Horacio Labastida
Universidad en el siglo XXI
Creo que el reciente libro de Pablo González Casanova, La universidad necesaria en el siglo xxi (Era, 2001), es contribución de gran importancia a la idea de la enseñanza superior en las actuales y adversas circunstancias mexicanas, sobre todo si en cuenta se tienen los dos compromisos esenciales que sustancian el quehacer universitario en la conciencia del pueblo que lo anima y sustenta. El primer compromiso pleno es la verdad, junto con la ciencia que permite develarla en la naturaleza y la sociedad, así como sus muy variados usos y aplicaciones, tan delicados y tensionales que exigen, para llevarlos adelante, un enhebramiento de la verdad con el segundo compromiso universitario, el moral, o sea la traducción de verdad en bien común excluyente de la cosificación inervada en cualquier forma de opresión angostante o purgante de la libertad humana.
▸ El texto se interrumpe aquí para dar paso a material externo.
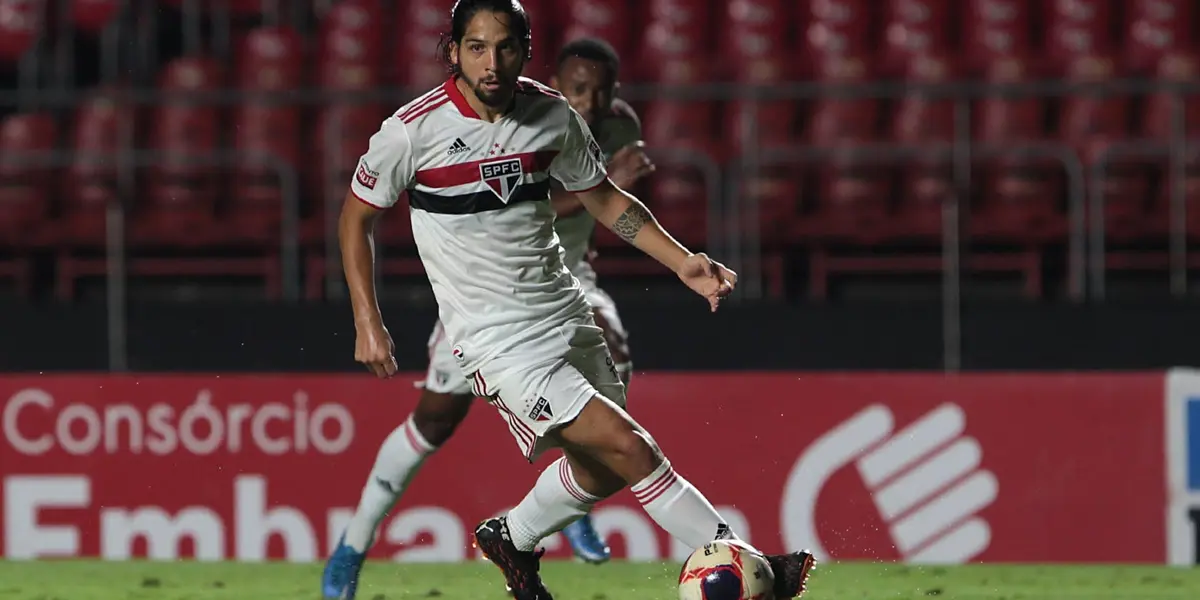 São Paulo estuda trocar Martín Benítez por Hernanes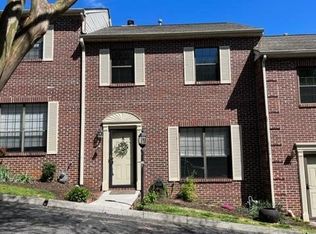 437 S Gallaher View Rd APT 8, Knoxville, TN 37919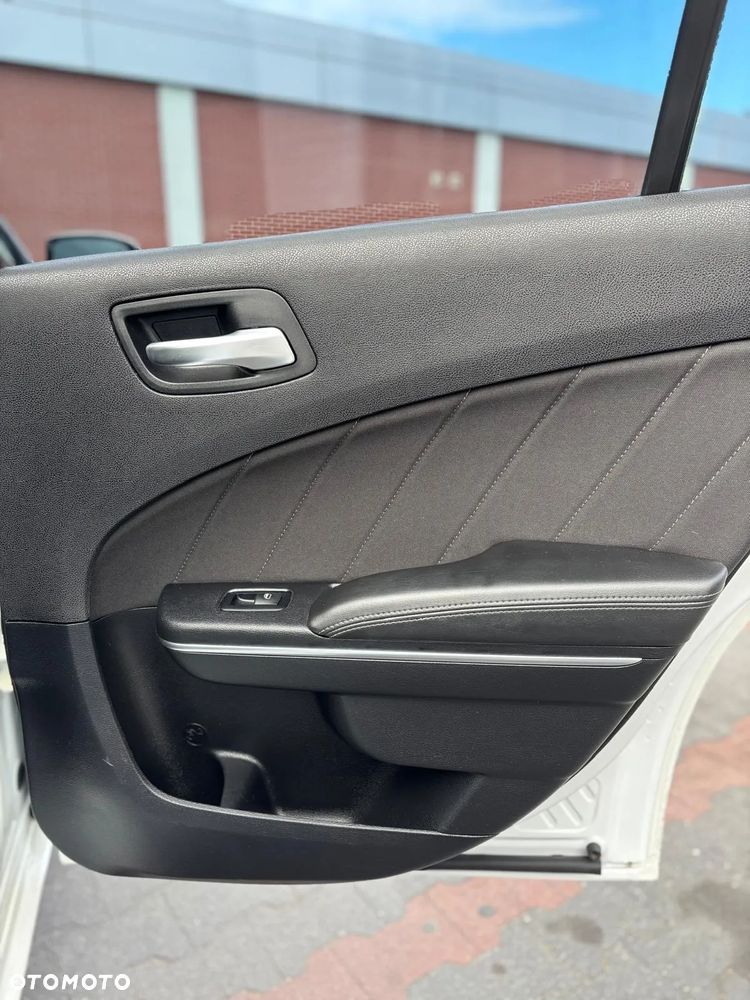 Dodge Charger 3.6 SXT AWD - 15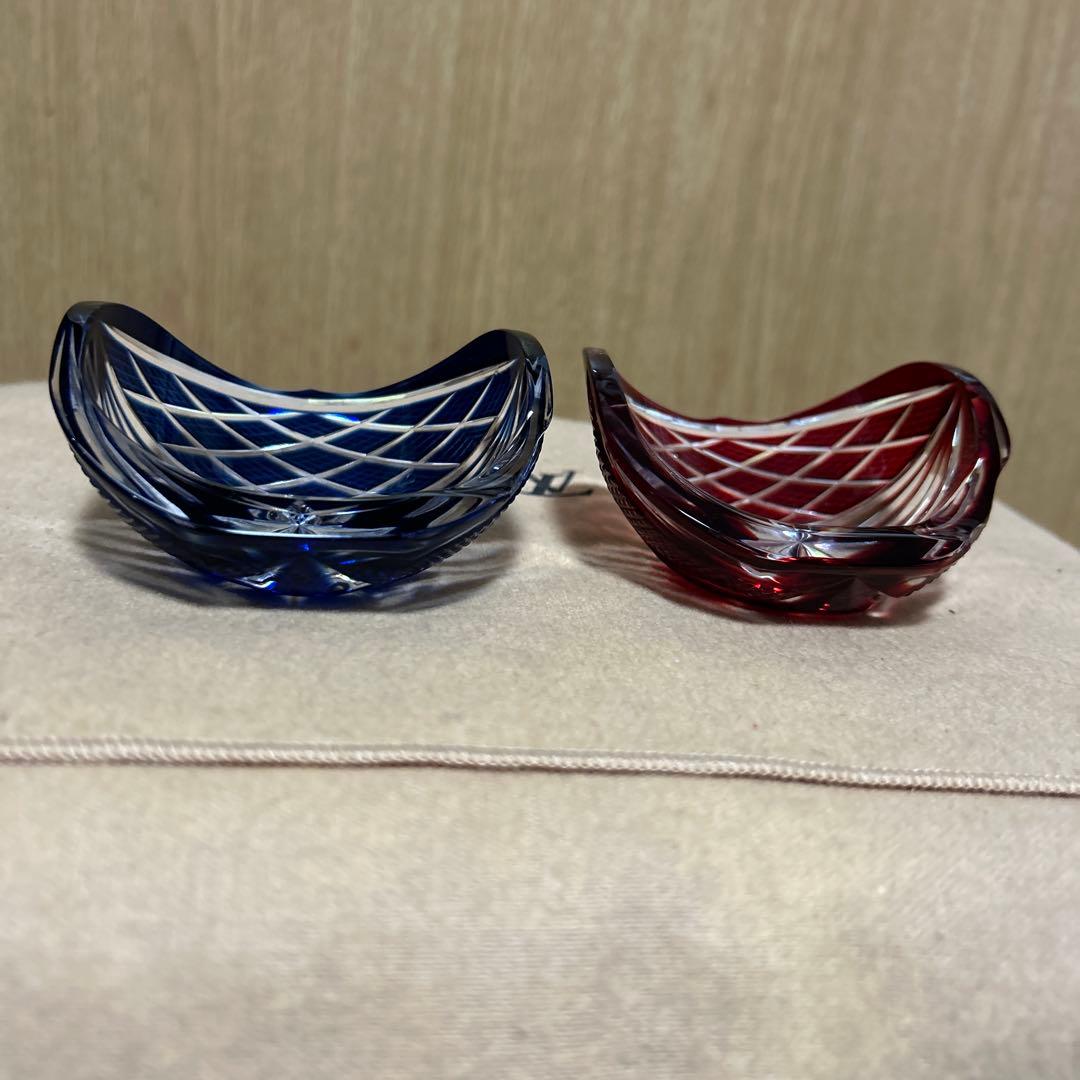 薩摩切子小鉢（青色・赤色）2個セットです。メルカリ発送です。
La historia de México muestra dos estelares momentos desenajenantes del claustro académico. El que inició la generación ilustrada de Valentín Gómez Farías y José María Luis Mora, orientado a la expulsión del sistema dogmático que introdujo la Colonia a través de la Real y Pontificia Universidad, acordada por Felipe II en 1551, y puesta en marcha dos años después, liberación ciertamente lograda hasta que la República derrotó al partido conservador en la Guerra de Tres Años (1858-61), a los invasores de Napoleón III y al llamado Segundo Imperio (1864-67). Apoyándose en estos hechos y en la Constitución de 1857 y las Leyes de Reforma de 1859, el presidente Benito Juárez y su ministro Martínez de Castro formaron la comisión de educación que escuchó a Gabino Barreda, y con la dirección del sabio discípulo de Comte resultó inaugurada la Escuela Nacional Preparatoria, abanderada en el positivismo que puso fin al dogmatismo virreinal.
El otro extraordinario momento estalló en 1929. La huelga estudiantil encabezada por Alejandro Gómez Arias y Salvador Azuela terminó en una victoria inolvidable: el entonces presidente Emilio Portes Gil decretó la autonomía universitaria que desde entonces acentúa la radicalidad axiológica de la libertad de cátedra e investigación frente al autoritarismo que escóndese tras bambalinas del presidencialismo autoritario que iniciaron Obregón y Calles, en el lapso que separa el asesinato de Venustiano Carranza y la caída del jefe máximo de la Revolución, acontecimiento este que ocurrió en el segundo año de la administración de Lázaro Cárdenas (1934-1940). Más o menos tres lustros adelante, con motivo de las graves perturbaciones que sufrió la universidad durante las recto-rías de Brito Fouché, Samuel Ramírez Moreno y José Aguilar Alvarez (bienio 1942-44), la Junta de Gobierno presidida por Alfonso Caso pergeñó la Ley Orgánica de 1945, que hasta la fecha reglamenta a la institución fundada por Justo Sierra en 1910.
Pero en nuestro tiempo las cosas son mucho más graves y sutiles que en 1867 y 1929. Una viva claridad de pensamiento asiste a González Casanova cuando señala que los superpoderes económicos y militares buscan hoy reducir al hombre a instrumento de las ganancias y acumulaciones de capital que le son indispensables para reproducir una y otra vez sus privilegiadas posiciones de dominio, servidumbre que por lo demás arrincona y trata de aniquilar el juicio crítico redentor de la dignidad de las gentes y sus familias. Herbert Marcuse llamó a este empeño de la ideología neoliberal: la unidimensionalización del espíritu humano, o sea, suprimir la capacidad de objetar la validez del proyecto mutilante que enarbola el elitismo trasnacional contemporáneo. Hacer de los pueblos un insumo en la contabilidad de las empresas multinacionales es la finalidad suprema del poder metropolitano. Y éste es precisamente el reto de la universidad de nuestro siglo: ¿cómo preservar la libertad del hombre y consecuentemente la aptitud crítica que lo mantiene y perfecciona como ser pluridimensional? Si al antidogmatismo y a la autonomía agrega la universidad tanto una alta calidad en la enseñanza de ciencias y humanidades, cuanto una vida democrática que garantice al interior el procesamiento adecuado de las demandas y aspiraciones de la comunidad de profesores, alumnos y trabajadores, y al exterior un enlace sin solución con la sociedad que la cobija, si esto se fortalece y enriquece por una práctica sistemática y general, la universidad es y será sin duda una institución que contribuya a impedir la caída del hombre en la lógica de su autodestrucción; es decir, en la trágica inmolación de la libertad. En Doctor Faustus escribió Thomas Mann que la única manera de frenar la barbarie es acudir a las ciencias humanistas y cultivar "el ideal del hombre bello y libre". ¿Acaso hay otro modo de expulsar lo demoniaco?